Last month’s World Economic Forum, “Water Security: The Water-Food-Energy-Climate Nexus,” raised questions about countries ability to create economic growth in the face of a growing water crisis. Panelists included Peter Brabeck-Letmathe, the chairman of the Nestlé Group, Samantha Gross, director of IHS CERA, Upmanu Lall, a professor in the Department of Earth and Environmental Engineering at Columbia University, Usha Rao-Monari, the global head of in the Infrastructure and Natural Resources Department of IFC, and Jeff Seabright, the vice president for environment and water resources for Coca Cola.
The forum discussed the importance of water and how it impacts energy, agriculture, business and government security. A 2003 study stated that if businesses, states and nations continued to use water at the rate they were at that time, there would be a 30% shortage in grain production and a 40% projected gap between supply and demand by 2030. This is believed to have jumped significantly in the years following even though a more recent study has yet to be conducted. The panel stated that most of the problem lies with governments and businesses not being able to implement change on the local level without sacrificing economic growth.
Yet, as Brabeck-Lesmathe stated, there remains a direct link between water, food and energy. Food security and global grain harvests depend on water. However, the population is expected to jump from 6.8 billion, today’s approximation, to 8 billion by 2025. This, in addition to climate change, will widen the gap between supply and demand, and put water scarcity at an all time high.
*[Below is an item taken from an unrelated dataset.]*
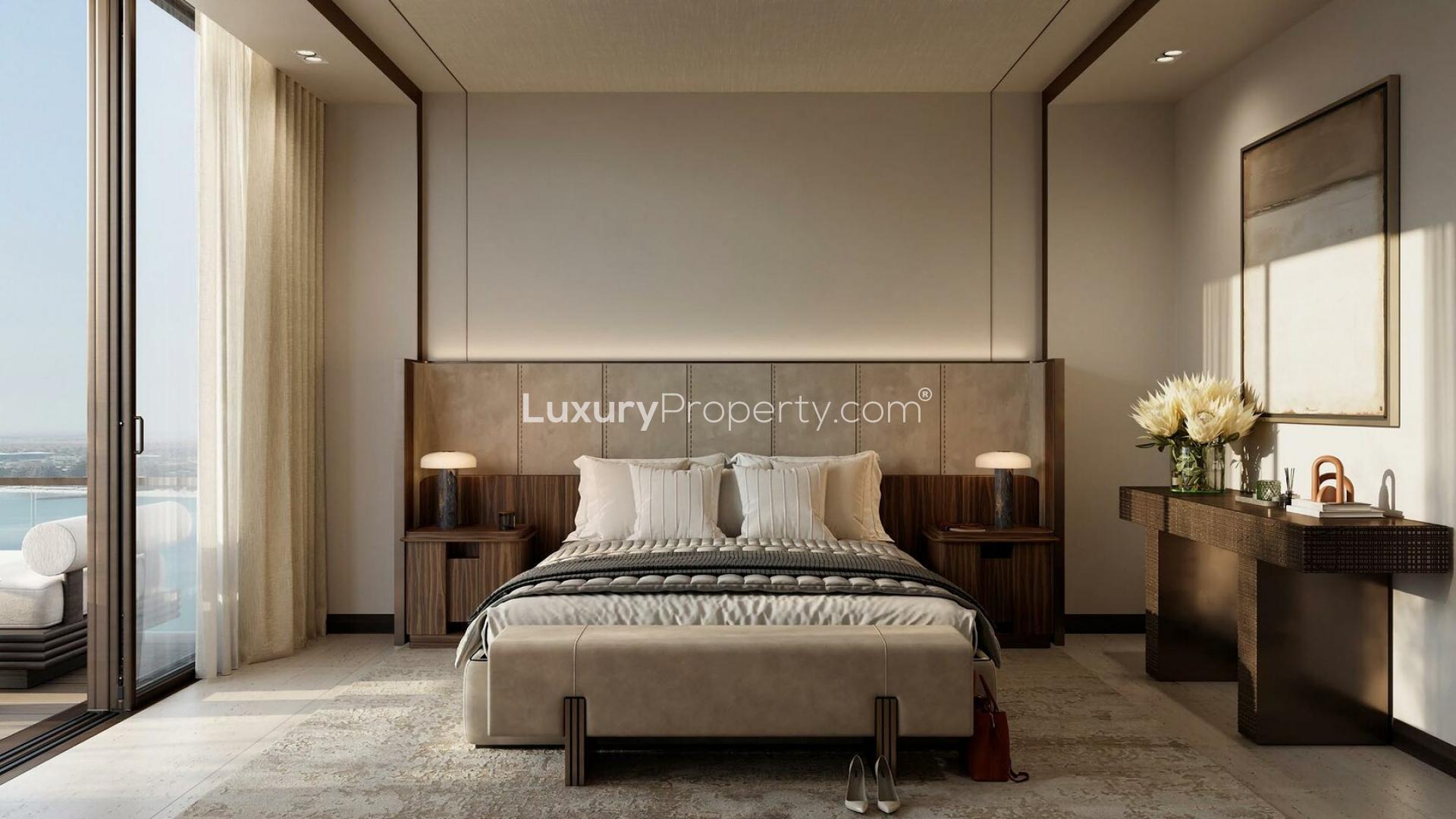 Luxurious bedroom in Nobu Residences, Marjan Island with sea view and modern decor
How we use, obtain and process our water takes money, delegation and coordination. All three of which, many developing countries do not have. Larger corporations like Nestlé and Coca Cola have taken a hard look at how to give back most of the water they take and have started to implement the changes necessary to do so. Yet, because the problem is primarily concentrated locally, and the sub-national and municipal governments, which make the decisions on local water preservation, typically lack support from national governments in developing countries, the problem will likely continue. Many lesser-developed countries already use more energy taxing forms of water purification, like the nonrenewable aquifers in Jordon or the expensive water pumps used in India. Lesser-developed countries that use similar water purification mechanisms will face obstacles as they attempt to follow in the footsteps of large corporations.
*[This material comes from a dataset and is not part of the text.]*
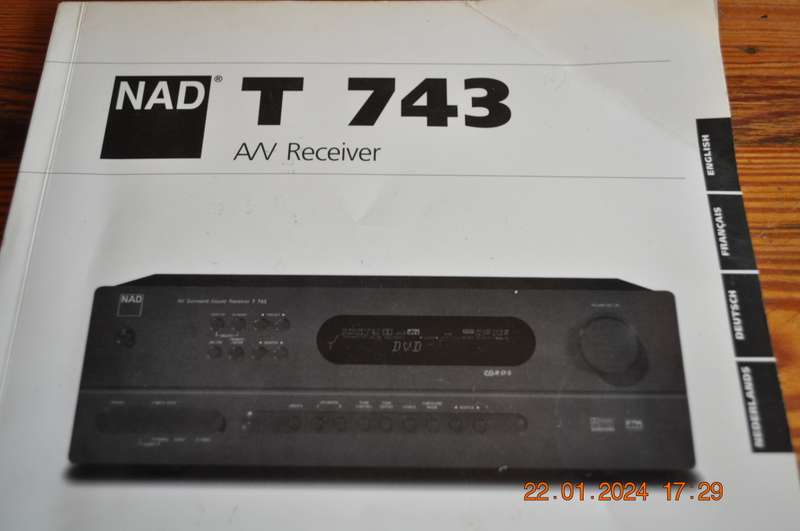 NAD AV T 743 Owners Manual T 513 DVD CD Manual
The inability to keep in stride with other more wealthy nations raises questions of how less wealthy states will be viewed globally if they continue to acquire water in a less environmental way due to inadequate funds. These countries could face scrutiny from other wealthier states that have implemented more stringent water policies on the local level. What kind of image could this inability to progress create? Will lesser-developed countries be blamed? Or will the wealthier nations that do not assist them be blamed? How will the public view governments that do not engage in water preservation and what should they do to combat a negative public perception? If these states do face public scrutiny, they will need to evaluate how to better their image in while continuing to seek innovative solutions to their problems with water usage. One way to do this would be to establish good public relations by highlighting the other ways they are being environmentally conscience. It may also behoove lesser-developed countries to remind the public that they continue to search for innovative ways to cut their water usage while raising the funds to do so.